Это письмо странным образом расходится с тем, что мы знаем об отношениях Ленина и Сталина в 1922 году.
Вспоминается статья Сталина о его посещении Ленина летом 1922 года. Идиллия!
Какими были их отношения в последующие дни? Хорошими. Ленин и Сталин несколько раз встречались и долго беседовали (например, 6 декабря — почти два часа). В периоды резкого ухудшения здоровья и угрозы паралича Ленин, как мы знаем, не нашел никакого другого доверенного лица (кроме Крупской), к кому мог бы обратиться с просьбой дать ему яду. Значит, их отношения тогда не были омрачены никакой размолвкой.
Врачи разрешали Ленину работать лишь ограниченное время. Тем не менее Ильич был достаточно деятелен, а 15 декабря даже написал письмо Троцкому («Писать ему очень трудно», — отметила секретарь).
Однако уже на следующий день ему стало хуже. Крупская от его имени просила секретаря передать Сталину, что на Пленуме ЦК Ленин выступать не сможет. Он заболел. Только 23 декабря он вызвал на квартиру секретаря. Она отметила: «В продолжение 4-х минут диктовал. Чувствовал себя плохо. Были врачи». В дальнейшем он также мог диктовать недолго, не более десяти минут.
Но и тогда, диктуя письмо к съезду, Ильич не обмолвился о грубости Сталина, а лишь высказал сомнение, что тот сумеет всегда достаточно осторожно пользоваться имеющейся у него властью Генерального секретаря. Почему же через десять дней он вдруг резко заговорил о грубости Сталина? Известно, что за этот срок он никакими делами не занимался. Не могло же это быть беспричинным спонтанным решением, объяснимым только лишь его болезненным состоянием? В такое трудно поверить.
Конечно, мы говорим не о письме как таковом, а о диктовке, и, возможно, сумбурной. Запись почти наверняка редактировали сначала секретарша, затем жена, а там и сам автор. Тем более удивительно, что, скажем, Крупская не стала отговаривать мужа, по крайней мере, смягчить формулировки. Да и как-то странно выглядит большое дополнение к письму, посвященное вопросу, который сам автор считает мелочью (или полагает, вполне резонно, что так считают другие).
Если Ленин предполагал, что его добавление к письму поможет предохранить руководство партии от раскола и улучшит взаимоотношения Сталина с Троцким, то при чем тут сталинская грубость? Мягкий, вежливый, терпимый и внимательный к товарищам, «некапризный» руководитель вряд ли благодаря этим качествам сможет преодолеть внутрипартийные разногласия. Помнится, Ленин и сам ненавидел соглашателей.

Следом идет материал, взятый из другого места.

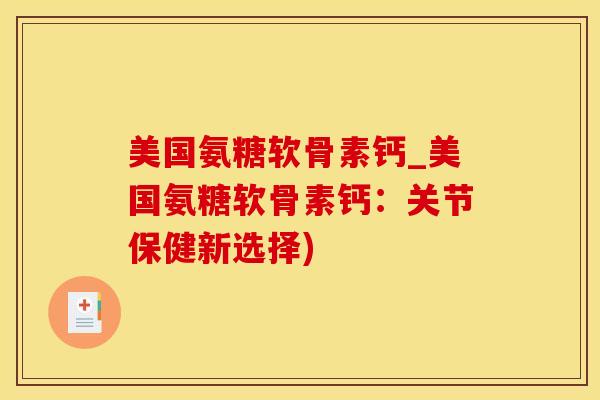 美国氨糖软骨素钙_美国氨糖软骨素钙:关节保健新选择)-第1张图片-氨糖科普网 美国氨糖软骨素钙_美国氨糖软骨素钙:关节保健新选择)-第1张图片-氨糖科普网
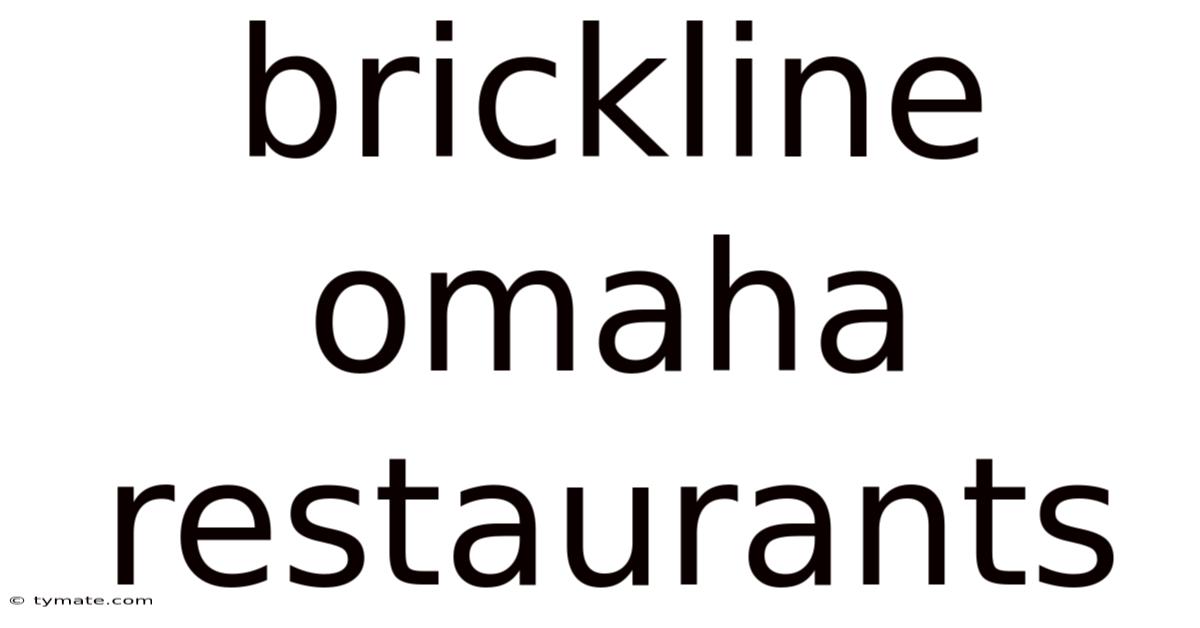 Brickline Omaha Restaurants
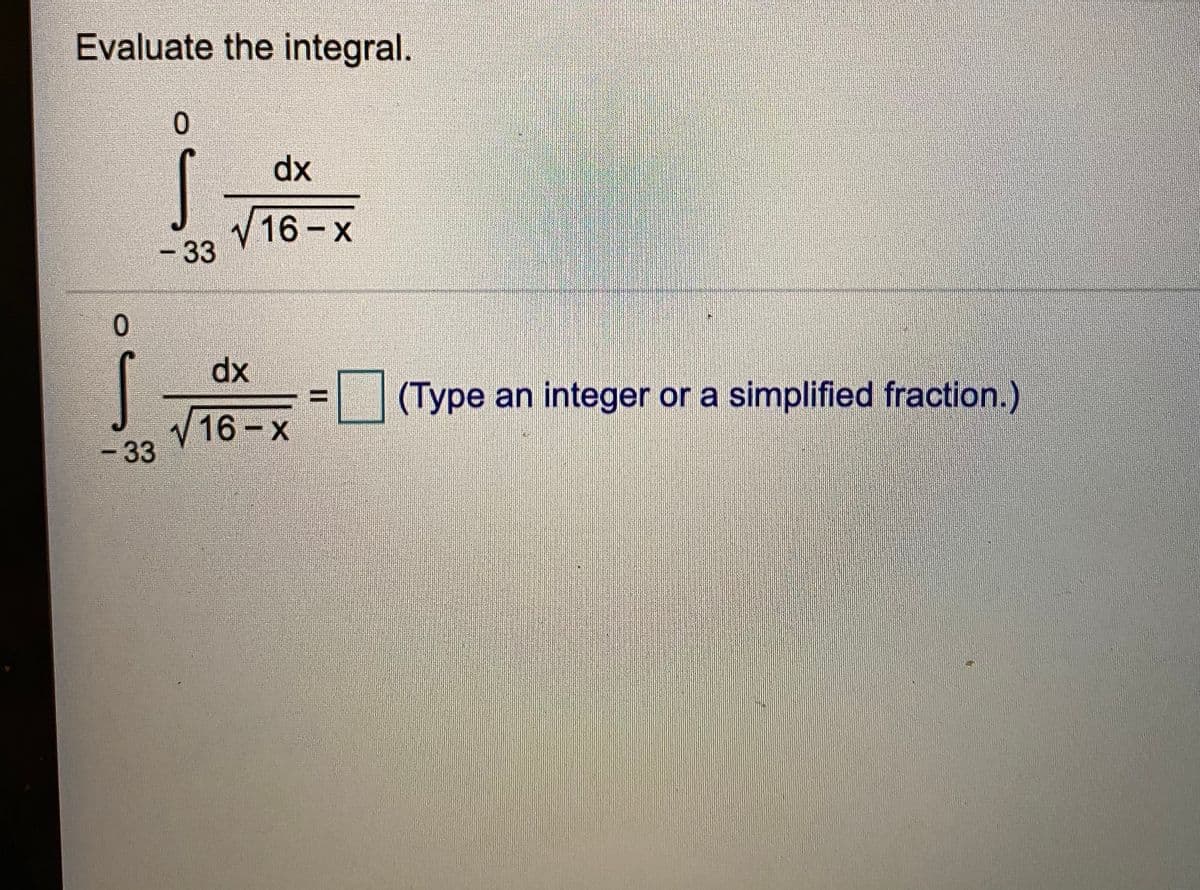 Evaluate the integral.
dx
V16-x
-33
dx
(Type an integer or a simplified fraction.)
V 16 - x
- 33
II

Предположим, все перечисленные Лениным недостатки характера Сталина (которые могут «показаться ничтожной мелочью») действительно существовали. А во всех других отношениях Генеральный секретарь вполне достоин своего поста. И предлагается подобрать кого-то другого, обладающего всеми его главными достоинствами без мелких недостатков. Как тут поступить, если новая кандидатура не названа?
Полагаю, в таком случае любое собрание примет решение не производить никаких замен, и обяжет руководителя внимательней контролировать свое поведение, не допускать грубостей (об оскорблениях речи нет), быть деликатнее и т.п.